ASNLF, ULMWP dan RMS Bersatu Gelar Aksi Demo Dukung Papua

0
7283
Aceh Sumatera National Liberation Front (ASNLF), United Liberation Movement for West Papua (ULMWP) dan Pemerintah Republik Maluku Selatan (RMS) di pengasingan bersatu, menggelar aksi demo damai. Aksi demonstrasi yang diikuti sekitar 200 warga setempat, berlangsung di depan Tweede Kamer (Gedung Parlemen) Den Haag Belanda, 6 September 2019.

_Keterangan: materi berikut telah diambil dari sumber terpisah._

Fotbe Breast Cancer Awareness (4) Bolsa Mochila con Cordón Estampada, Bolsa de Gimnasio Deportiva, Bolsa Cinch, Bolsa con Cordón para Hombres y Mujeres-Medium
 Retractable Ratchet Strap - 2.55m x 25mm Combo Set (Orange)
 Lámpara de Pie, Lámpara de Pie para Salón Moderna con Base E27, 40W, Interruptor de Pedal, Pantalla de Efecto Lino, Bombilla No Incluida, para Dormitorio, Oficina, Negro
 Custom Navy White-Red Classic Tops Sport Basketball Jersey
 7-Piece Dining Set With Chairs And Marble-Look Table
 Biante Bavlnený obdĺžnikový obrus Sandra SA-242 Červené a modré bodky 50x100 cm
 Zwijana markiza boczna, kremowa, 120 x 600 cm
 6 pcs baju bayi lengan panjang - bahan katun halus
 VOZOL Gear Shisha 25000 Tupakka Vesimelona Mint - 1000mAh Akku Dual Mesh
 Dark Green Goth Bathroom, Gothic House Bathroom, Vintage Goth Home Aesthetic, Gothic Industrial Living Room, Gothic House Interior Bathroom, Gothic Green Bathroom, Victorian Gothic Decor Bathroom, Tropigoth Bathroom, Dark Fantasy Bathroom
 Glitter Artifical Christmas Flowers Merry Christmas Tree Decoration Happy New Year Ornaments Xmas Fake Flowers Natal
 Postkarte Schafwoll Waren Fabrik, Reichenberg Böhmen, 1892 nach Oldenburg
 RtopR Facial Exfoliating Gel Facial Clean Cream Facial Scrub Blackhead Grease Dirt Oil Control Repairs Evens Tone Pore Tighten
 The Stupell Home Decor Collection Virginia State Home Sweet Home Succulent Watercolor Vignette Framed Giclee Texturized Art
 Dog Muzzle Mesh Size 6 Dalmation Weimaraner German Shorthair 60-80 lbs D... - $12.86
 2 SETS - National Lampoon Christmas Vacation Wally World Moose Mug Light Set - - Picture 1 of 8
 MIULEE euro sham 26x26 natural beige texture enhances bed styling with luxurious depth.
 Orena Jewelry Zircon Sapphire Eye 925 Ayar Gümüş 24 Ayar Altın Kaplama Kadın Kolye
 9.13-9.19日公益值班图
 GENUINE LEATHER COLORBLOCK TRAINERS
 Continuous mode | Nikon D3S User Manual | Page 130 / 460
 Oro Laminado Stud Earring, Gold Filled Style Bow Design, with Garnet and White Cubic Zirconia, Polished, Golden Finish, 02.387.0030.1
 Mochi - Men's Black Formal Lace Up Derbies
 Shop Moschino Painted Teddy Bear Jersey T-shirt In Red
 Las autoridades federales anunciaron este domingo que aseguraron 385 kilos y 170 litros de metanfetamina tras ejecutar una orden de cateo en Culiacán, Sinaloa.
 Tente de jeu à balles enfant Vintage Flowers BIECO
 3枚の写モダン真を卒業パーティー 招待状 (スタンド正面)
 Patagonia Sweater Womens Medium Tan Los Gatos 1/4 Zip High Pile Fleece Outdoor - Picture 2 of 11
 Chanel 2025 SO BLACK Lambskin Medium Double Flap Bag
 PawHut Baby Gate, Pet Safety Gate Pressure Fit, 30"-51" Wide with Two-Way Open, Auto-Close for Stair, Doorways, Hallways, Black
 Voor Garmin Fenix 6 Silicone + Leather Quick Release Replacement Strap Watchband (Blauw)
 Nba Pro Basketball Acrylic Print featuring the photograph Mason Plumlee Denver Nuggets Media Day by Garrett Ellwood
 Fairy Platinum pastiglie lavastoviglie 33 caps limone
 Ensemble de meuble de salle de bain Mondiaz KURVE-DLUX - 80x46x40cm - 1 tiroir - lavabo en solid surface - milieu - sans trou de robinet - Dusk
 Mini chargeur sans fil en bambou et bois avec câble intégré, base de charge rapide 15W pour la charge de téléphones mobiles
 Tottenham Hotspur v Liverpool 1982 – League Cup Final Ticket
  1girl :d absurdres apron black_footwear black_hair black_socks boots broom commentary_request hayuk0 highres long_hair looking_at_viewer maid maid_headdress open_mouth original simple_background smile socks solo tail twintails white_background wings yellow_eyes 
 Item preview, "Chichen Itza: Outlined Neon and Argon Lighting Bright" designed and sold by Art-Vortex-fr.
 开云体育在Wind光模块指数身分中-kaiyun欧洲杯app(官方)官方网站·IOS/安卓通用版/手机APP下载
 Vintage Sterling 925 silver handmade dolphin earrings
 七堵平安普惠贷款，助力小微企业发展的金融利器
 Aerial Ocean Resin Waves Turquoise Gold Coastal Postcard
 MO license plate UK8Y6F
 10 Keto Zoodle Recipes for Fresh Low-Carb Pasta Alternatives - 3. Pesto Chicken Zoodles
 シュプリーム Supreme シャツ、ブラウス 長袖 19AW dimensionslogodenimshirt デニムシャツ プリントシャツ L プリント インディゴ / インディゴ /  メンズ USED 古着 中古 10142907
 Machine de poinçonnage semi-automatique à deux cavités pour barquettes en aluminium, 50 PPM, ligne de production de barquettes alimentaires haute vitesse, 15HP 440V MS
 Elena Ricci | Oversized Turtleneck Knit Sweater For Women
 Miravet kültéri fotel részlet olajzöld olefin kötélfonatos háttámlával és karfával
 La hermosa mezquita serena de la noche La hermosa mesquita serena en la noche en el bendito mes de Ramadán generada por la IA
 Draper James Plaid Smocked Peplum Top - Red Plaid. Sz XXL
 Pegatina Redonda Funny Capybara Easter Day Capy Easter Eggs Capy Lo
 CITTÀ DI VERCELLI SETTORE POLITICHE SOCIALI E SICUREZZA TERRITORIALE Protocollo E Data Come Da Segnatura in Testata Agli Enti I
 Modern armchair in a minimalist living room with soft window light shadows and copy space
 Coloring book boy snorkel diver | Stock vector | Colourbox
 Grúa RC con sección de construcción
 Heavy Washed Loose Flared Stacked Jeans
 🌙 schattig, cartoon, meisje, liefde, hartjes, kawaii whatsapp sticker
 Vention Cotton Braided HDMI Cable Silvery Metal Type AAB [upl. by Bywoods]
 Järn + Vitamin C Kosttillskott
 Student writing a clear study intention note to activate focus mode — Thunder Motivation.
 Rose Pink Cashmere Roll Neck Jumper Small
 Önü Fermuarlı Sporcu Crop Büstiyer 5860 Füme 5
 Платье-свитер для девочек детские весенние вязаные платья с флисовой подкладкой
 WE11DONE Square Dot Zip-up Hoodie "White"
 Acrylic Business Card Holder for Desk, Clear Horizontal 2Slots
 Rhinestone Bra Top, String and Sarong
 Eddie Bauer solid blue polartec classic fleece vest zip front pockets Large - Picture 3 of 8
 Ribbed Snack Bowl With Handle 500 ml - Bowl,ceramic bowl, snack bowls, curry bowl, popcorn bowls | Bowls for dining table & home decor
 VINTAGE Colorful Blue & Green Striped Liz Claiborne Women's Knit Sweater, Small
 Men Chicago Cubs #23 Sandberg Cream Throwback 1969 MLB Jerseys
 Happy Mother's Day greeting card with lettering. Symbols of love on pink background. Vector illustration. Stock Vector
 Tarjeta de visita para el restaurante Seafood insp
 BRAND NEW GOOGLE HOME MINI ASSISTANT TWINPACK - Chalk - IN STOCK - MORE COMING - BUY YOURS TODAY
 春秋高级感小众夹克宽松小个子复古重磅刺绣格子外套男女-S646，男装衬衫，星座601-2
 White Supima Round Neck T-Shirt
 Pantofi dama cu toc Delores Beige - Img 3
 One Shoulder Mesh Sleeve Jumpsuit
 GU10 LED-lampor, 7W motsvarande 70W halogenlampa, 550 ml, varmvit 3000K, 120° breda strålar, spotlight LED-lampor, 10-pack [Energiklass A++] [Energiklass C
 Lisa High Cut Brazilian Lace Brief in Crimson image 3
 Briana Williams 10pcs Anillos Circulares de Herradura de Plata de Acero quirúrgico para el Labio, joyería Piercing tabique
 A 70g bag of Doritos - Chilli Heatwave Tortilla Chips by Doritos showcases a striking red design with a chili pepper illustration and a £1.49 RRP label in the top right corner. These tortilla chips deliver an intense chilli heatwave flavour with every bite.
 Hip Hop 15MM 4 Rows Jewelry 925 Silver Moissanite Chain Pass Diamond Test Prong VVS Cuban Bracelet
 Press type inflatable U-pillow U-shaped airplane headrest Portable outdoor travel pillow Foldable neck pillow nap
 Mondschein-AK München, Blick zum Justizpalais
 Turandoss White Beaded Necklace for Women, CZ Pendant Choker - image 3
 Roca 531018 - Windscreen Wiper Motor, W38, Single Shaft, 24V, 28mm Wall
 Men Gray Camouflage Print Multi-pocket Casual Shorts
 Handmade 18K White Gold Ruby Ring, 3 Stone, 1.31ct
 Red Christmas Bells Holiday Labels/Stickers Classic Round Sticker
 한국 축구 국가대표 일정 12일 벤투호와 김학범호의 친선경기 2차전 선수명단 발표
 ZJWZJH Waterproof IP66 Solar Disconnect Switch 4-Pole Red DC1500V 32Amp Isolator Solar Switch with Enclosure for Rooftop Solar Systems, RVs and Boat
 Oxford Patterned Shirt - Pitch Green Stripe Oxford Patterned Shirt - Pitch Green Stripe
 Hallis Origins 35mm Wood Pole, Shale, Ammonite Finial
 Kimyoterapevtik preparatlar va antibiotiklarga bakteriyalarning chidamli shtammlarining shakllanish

TABAOS.ID,- Tindakan rasisme yang dialami mahasiswa Papua di Jawa Timur dan beberapa kota besar di Indonesia, telah melahirkan solidaritas dari berbagai individu, NGO serta negara-negara yang anti dan menentang rasialisme.

Tindakan rasisme dengan menyebut mahasiswa Papua sebagai monyet, juga telah menuai gelombang protes di Papua. Termasuk pula disejumlah kota dan negara.

Monyet bahkan telah dijadikan sebagai simbol perlawanan terhadap ketidakadilan yang dialami oleh daerah penghasil emas tersebut. Meredam aksi demonstrasi warga yang berujung teriakan minta referendum, pemerintah Indonesia telah mengerahkan 6000 personil TNI/Polri bersenjata untuk mengendalikan situasi keamanan di Papua.

Mengantisipasi pelanggaran Hak Asasi Manusia (HAM) dan pembunuhan rakyat sipil yang sewaktu-waktu bisa saja terjadi menyusul pengerahan pasukan ke Papua, Aceh Sumatera National Liberation Front (ASNLF), United Liberation Movement for West Papua (ULMWP) dan Pemerintah Republik Maluku Selatan (RMS) di pengasingan bersatu, menggelar aksi demo damai.

Aksi demonstrasi yang diikuti sekitar 200 warga setempat, berlangsung di depan Tweede Kamer (Gedung Parlemen) Den Haag Belanda, 6 September 2019.

Tiga organisasi yang sedang memperjuangkan kemerdekaan bagi wilayahnya masing-masing, yang hingga kini dilabel separatis oleh pemerintah Indonesia ini, mengecam tindakan kolonialisme yang dilakukan pemerintah Indonesia. Mereka berorasi sambil membawa sejumlah bendera Bintang Kejora (Papua), bendera Benang Raja (RMS) dan bendera Bulan Bintang (GAM).

Aksi demonstrasi ini langsung dihadiri perwakilan organisasi ULMWP untuk Eropa, Oridek Ap, Menteri Luar Negeri (Menlu) RMS di pengasingan, Umar Santi dan anggota dari Presidium ASNLF, Nasir Usman.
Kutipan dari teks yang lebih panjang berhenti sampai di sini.